An overview of molecular stress response mechanisms in Escherichia coli contributing to survival of Shiga toxin-producing Escherichia coli during raw milk cheese production.

机构信息

Institute for Food Safety and Hygiene, University of Zurich, Winterthurerstrasse 272, 8057 Zürich, Switzerland.

出版信息

J Food Prot. 2011 May;74(5):849-64. doi: 10.4315/0362-028X.JFP-10-469.

Abstract

The ability of foodborne pathogens to survive in certain foods mainly depends on stress response mechanisms.

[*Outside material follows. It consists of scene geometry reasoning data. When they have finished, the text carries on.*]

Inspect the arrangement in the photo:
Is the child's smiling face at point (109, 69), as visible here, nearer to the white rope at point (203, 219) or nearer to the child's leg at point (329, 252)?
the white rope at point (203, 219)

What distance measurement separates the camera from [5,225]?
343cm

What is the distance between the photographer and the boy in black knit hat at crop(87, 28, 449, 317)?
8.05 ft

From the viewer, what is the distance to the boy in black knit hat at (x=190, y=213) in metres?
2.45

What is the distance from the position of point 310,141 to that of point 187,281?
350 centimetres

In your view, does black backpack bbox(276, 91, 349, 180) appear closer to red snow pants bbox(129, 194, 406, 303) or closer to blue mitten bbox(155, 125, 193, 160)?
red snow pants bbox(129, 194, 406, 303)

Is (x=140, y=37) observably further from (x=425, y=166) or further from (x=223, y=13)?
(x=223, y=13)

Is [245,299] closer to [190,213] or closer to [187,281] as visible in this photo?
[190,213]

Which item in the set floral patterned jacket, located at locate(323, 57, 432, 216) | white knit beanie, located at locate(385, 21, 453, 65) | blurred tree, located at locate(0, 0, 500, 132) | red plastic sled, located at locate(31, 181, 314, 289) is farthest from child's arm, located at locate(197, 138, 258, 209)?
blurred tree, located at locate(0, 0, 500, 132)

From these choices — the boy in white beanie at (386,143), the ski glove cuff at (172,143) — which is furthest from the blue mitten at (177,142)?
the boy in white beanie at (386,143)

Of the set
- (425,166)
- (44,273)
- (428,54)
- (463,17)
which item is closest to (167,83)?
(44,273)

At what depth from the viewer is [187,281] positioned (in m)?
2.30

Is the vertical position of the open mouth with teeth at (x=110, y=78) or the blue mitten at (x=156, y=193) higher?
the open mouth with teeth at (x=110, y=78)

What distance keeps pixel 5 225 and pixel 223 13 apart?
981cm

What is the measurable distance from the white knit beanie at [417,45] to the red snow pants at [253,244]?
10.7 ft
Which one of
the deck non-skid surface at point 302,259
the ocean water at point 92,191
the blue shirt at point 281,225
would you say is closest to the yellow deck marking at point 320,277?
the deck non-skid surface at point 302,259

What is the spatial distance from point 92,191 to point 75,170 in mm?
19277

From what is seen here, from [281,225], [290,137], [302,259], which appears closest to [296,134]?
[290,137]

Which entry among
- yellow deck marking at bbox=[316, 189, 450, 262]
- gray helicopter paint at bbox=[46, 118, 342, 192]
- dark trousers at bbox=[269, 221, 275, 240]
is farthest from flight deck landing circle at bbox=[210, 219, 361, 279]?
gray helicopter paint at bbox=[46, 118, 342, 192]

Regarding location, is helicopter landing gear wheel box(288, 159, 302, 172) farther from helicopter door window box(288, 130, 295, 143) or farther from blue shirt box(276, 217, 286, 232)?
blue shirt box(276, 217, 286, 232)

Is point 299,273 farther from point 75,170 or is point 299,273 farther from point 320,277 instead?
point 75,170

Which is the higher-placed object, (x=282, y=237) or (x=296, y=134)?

Insight into molecular properties enabling pathogenic bacteria to survive in food is valuable for improvement of the control of pathogens during food processing. Raw milk cheeses are a potential source for human infections with Shiga toxin-producing Escherichia coli (STEC). In this review, we focused on the stress response mechanisms important for allowing STEC to survive raw milk cheese production processes. The major components and regulation pathways for general, acid, osmotic, and heat shock stress responses in E. coli and the implications of these responses for the survival of STEC in raw milk cheeses are discussed.

摘要

食源性病原体在某些食物中存活的能力主要取决于其应激反应机制。了解使致病菌能够在食品中存活的分子特性对于改进食品加工过程中病原体的控制具有重要意义。生乳奶酪是人感染产志贺毒素大肠杆菌(STEC)的潜在来源。在本综述中,我们重点讨论了允许 STEC 生乳奶酪生产过程中存活的重要应激反应机制。讨论了大肠杆菌中一般、酸、渗透和热休克应激反应的主要成分和调节途径,以及这些反应对 STEC 在生乳奶酪中存活的影响。